What APR is your baseline for long term savings? I'm interested in where you see significantly higher APR savings accounts because the Apple Card Savings Account is 400x my previous savings account APR.


I don't have a savings account but buy CDs on a regular basis. For the next two years, I have something between 5% and 6% maturing every 3 months. Apple Card Savings is 4.15%.

So you can definitely do better than the Apple Card, but to some extent you're paying bankers to do what I do manually every 3 months. (You just pay them in "spread"; they're buying the same CDs I am, but keeping some of the profits to themselves. And letting you withdraw the money whenever you want, not just when the underlying CD matures. I get only a small amount of interest on my "what if I get fired and need to eat for 3 months until the next CD matures?" fund, sitting in my checking account.)

I never bother with actual savings accounts because in a year or two interest rates will be back down to 0.0000001% or whatever, in which case just holding the cash in my brokerage account is easier. (At least it gets swept into an overnight account that earns 0.0000015% interest! Wow!)


There’s at least 50 different online banks that are paying more than 4.15%. Check out depositaccounts.com. Off the top of my head, Ally, Capital One, Vio Bank, MyBankingDirect, SoFi, and a bunch of others.
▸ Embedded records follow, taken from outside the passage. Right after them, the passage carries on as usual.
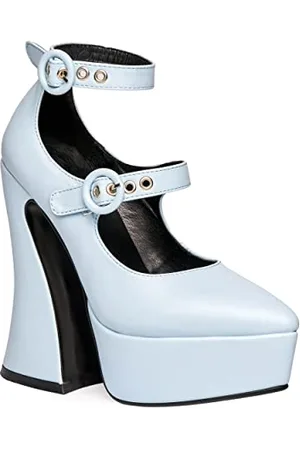 Lamoda Femme Roamin Chaussures de Court, , 38 EU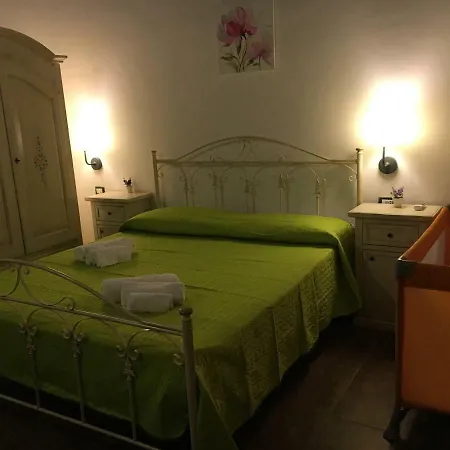 Il Bosco *
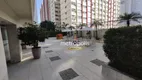 Foto 25 de Apartamento com 3 Quartos à venda, 87m² em Vila Mariana, São Paulo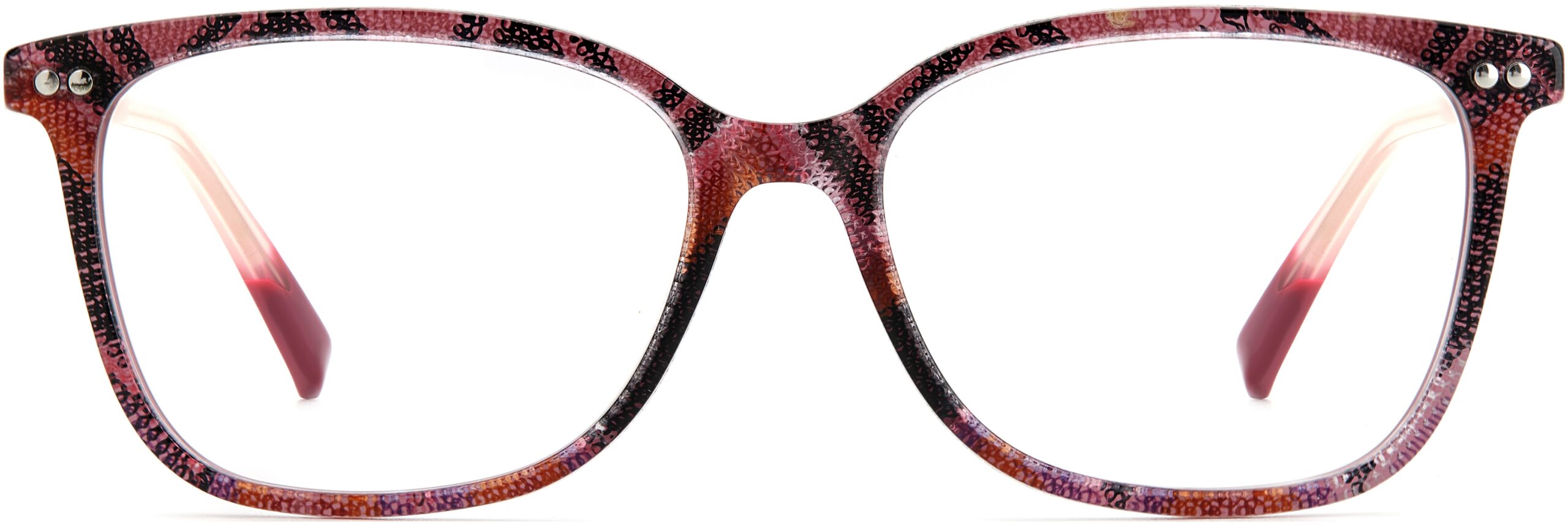 MIS0085 DIOPTRIJSKI OKVIR MISSONI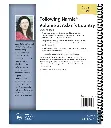 fn2-s-back-thumb.webp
If you’re getting less than 5% it’s time to open a new account.


I have a HYSA with UFB Direct (5.25% APY) and if you use Wealthfront or Robinhood, their paid offerings have 5%-ish. Apply is like 4.5% or something. I've been meaning to move that out to one of the 5% accounts.


It's way better than my previous savings account as well, but still about 0.5-0.75 points lower than a couple of CDs that I have.

Not sure if that counts as significant or not, but I figure it adds up.

Apple Savings: 4.15%

CIT Bank 6-Mo CD: 4.88%

CIT Bank 18-Mo CD: 4.5% I think?


It's pretty easy to find 5% right now, especially with money market sweep accounts that invest in US treasuries.


As of this writing, Ally is still higher than Apple Savings account (4.25% APY vs 4.15% APY)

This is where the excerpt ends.